[Task to complete]
All the lines below should be set down exactly, with no picture carried into the copy.

[Stored data]
* * *

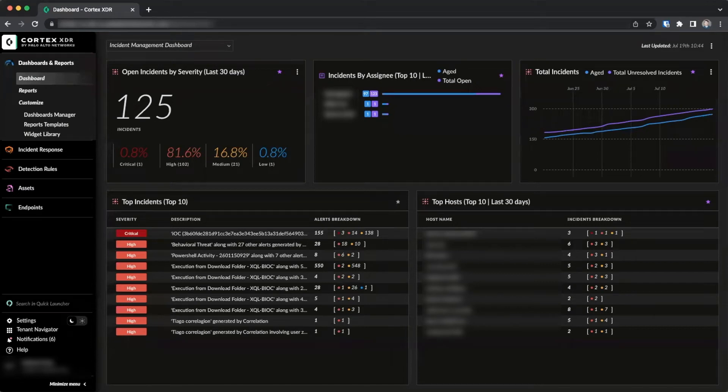Hello everyone. In this video we will discuss the Host Insights feature in Cortex-XDR.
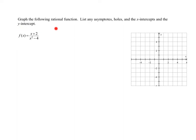In this problem, I need to graph this rational function, but I need to make sure that I list any asymptotes, holes, x and y intercepts. Once I've got that information, it will definitely help me graph the function.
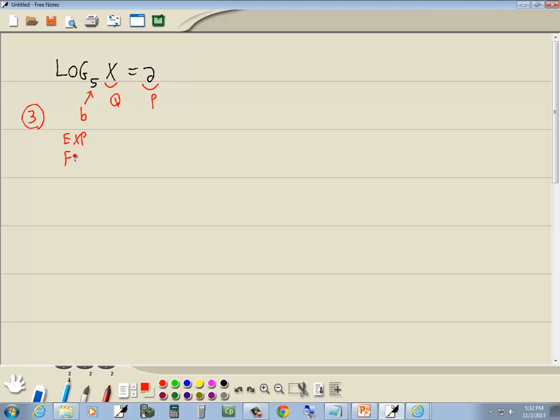Now our exponent form looks like this. We got b to the p is equal to q. So we'll plug in what we identified. We said b was 5. We said p was 2. And we said q was x.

* * *

[Written reply]
Hello everyone. In this video we will discuss the Host Insights feature in Cortex-XDR.
In this problem, I need to graph this rational function, but I need to make sure that I list any asymptotes, holes, x and y intercepts. Once I've got that information, it will definitely help me graph the function.
Now our exponent form looks like this. We got b to the p is equal to q. So we'll plug in what we identified. We said b was 5. We said p was 2. And we said q was x.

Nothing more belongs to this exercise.